EXERCISE REQUIREMENTS => Could you please retype the records exactly, minus their pictures?

Pictures with short captions:
__________
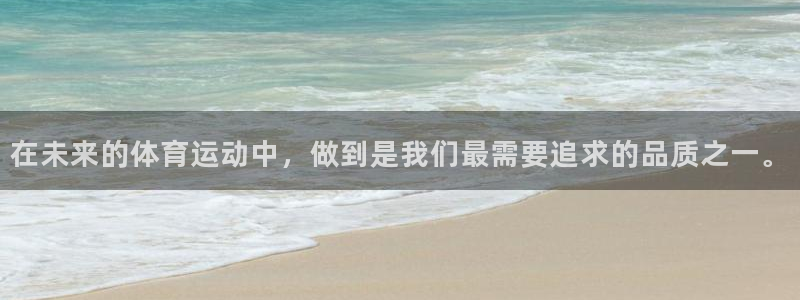 77体育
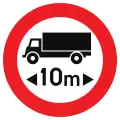 C26: Length limit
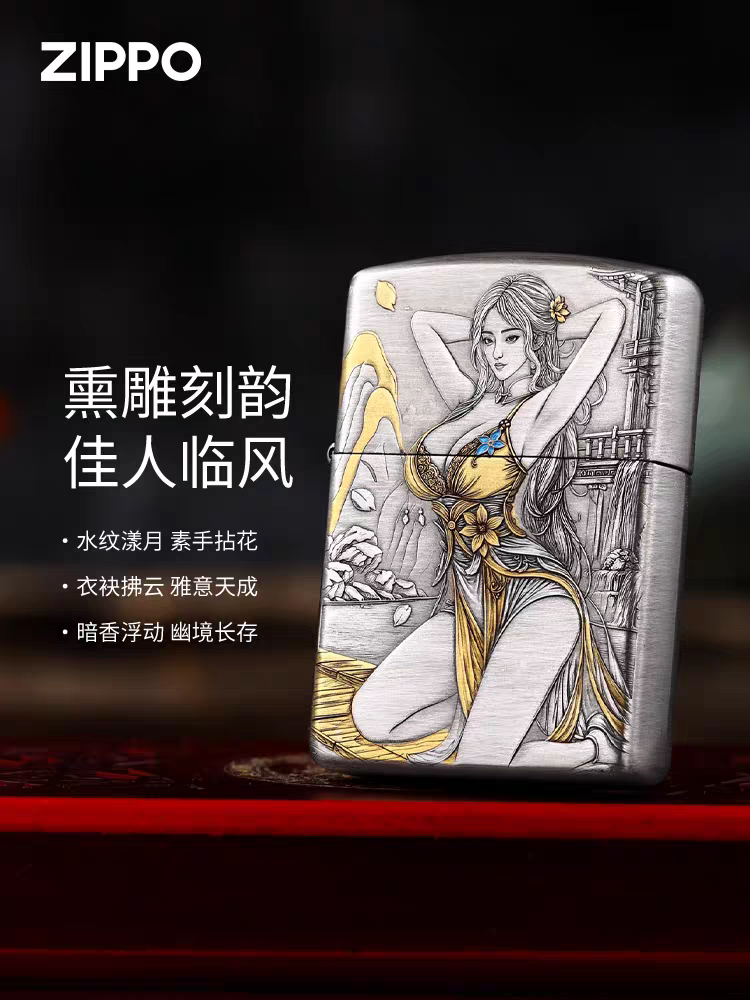 Zippo打火机玉人池畔正品盔甲熏银浮雕防风煤油送男朋友礼物
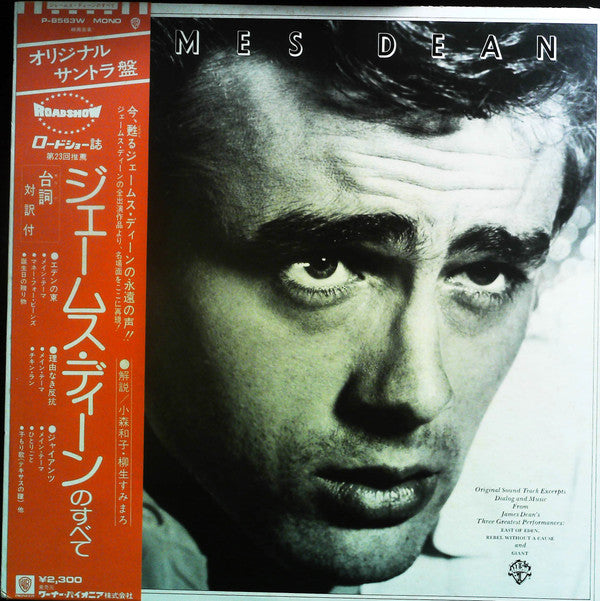 James Dean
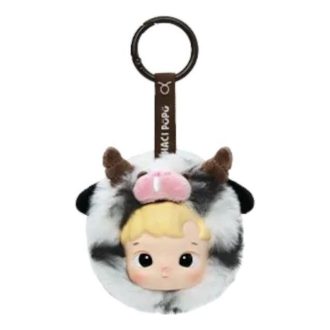 Hacipupu The Constellation Vinyl Plush Pendant “Taurus”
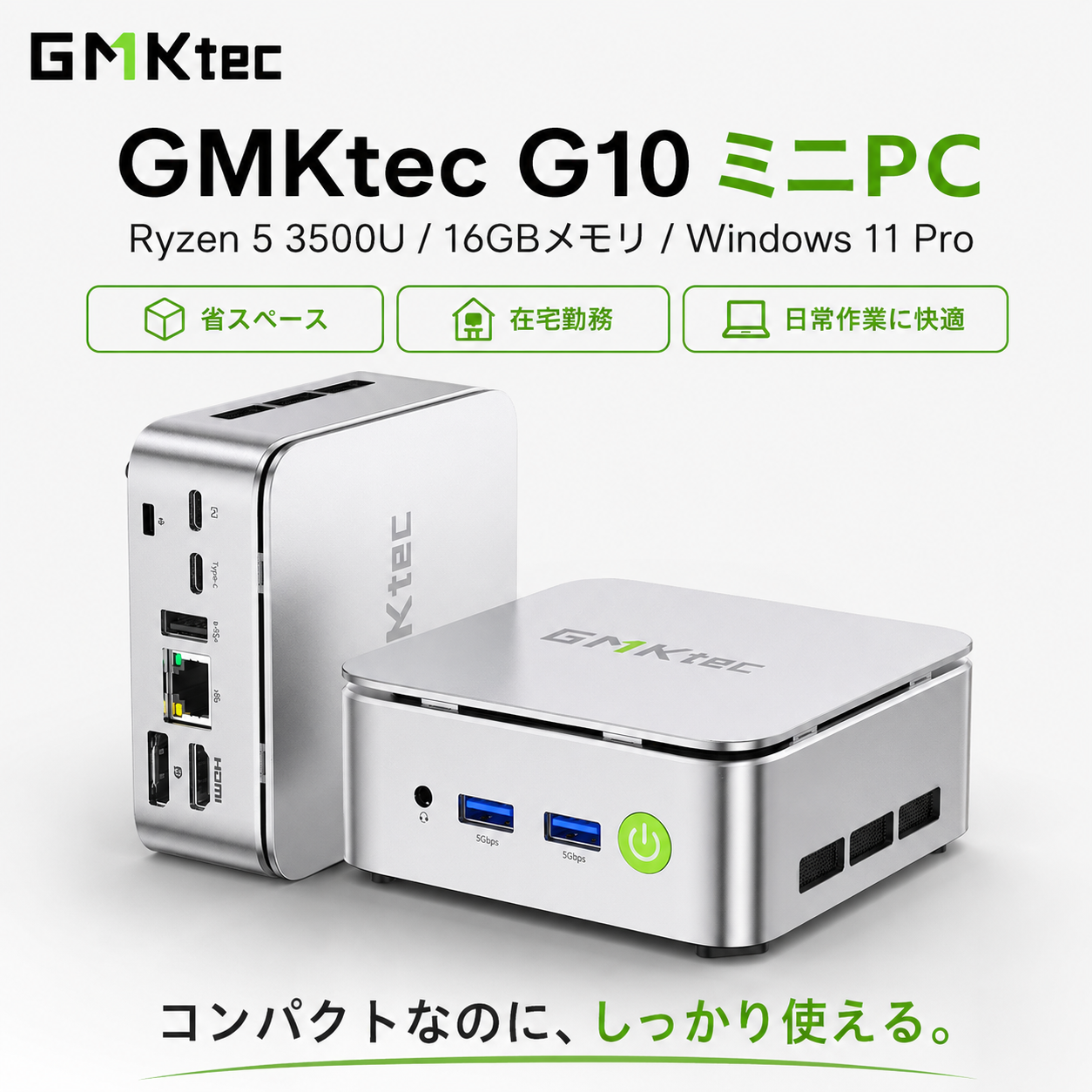 GMKtec G10 ミニPC｜Ryzen 5・16GBメモリ・Windows 11 Pro搭載の省スペースPC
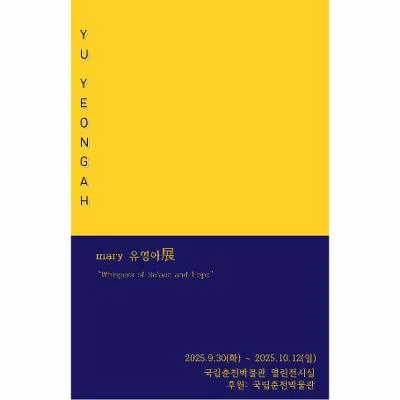 유영아 - 위로와 희망을 담다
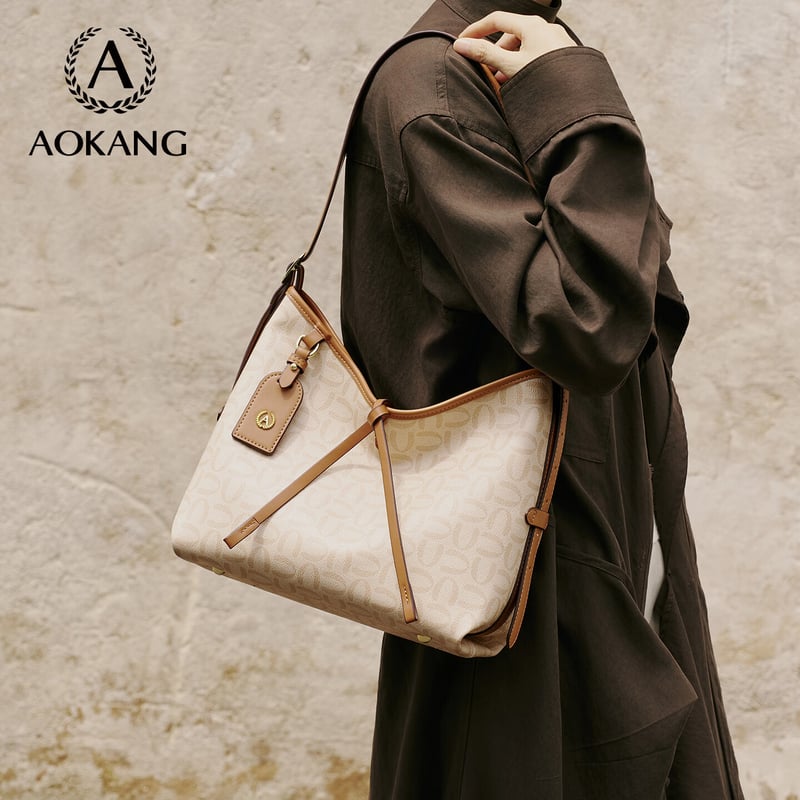 Aokang Women's Trendy Brownish Coffee Tote Bag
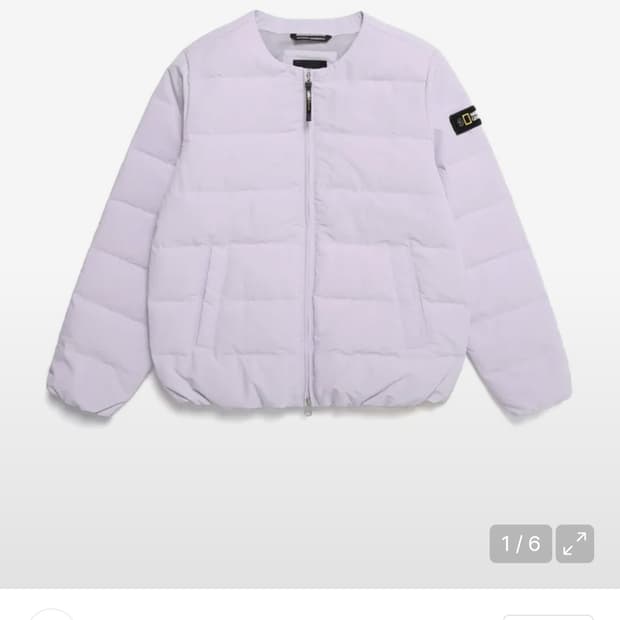 내셔널지오그래픽 경량 패딩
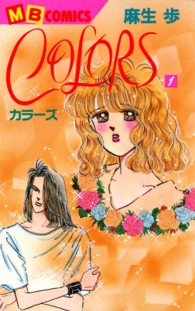 Ｃｏｌｏｒｓ 〈第１巻〉 エムビーコミックス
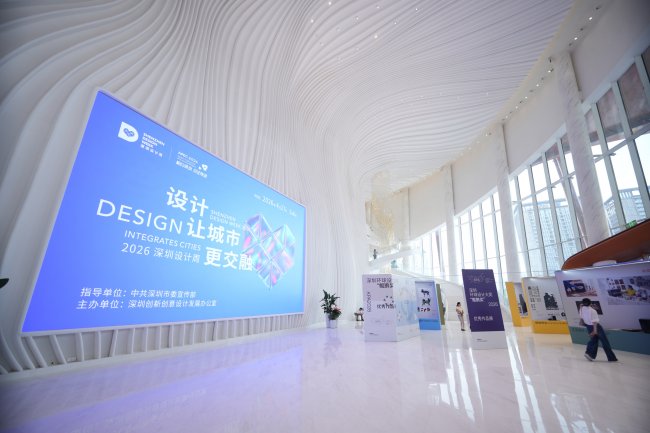 十方融海亮相2026深圳設計周 以AI創新賦能城市發展與產業升級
__________
SOLUTION TO THIS PROBLEM =>
 77体育
 C26: Length limit
 Zippo打火机玉人池畔正品盔甲熏银浮雕防风煤油送男朋友礼物
 James Dean
 Hacipupu The Constellation Vinyl Plush Pendant “Taurus”
 GMKtec G10 ミニPC｜Ryzen 5・16GBメモリ・Windows 11 Pro搭載の省スペースPC
 유영아 - 위로와 희망을 담다
 Aokang Women's Trendy Brownish Coffee Tote Bag
 내셔널지오그래픽 경량 패딩
 Ｃｏｌｏｒｓ 〈第１巻〉 エムビーコミックス
 十方融海亮相2026深圳設計周 以AI創新賦能城市發展與產業升級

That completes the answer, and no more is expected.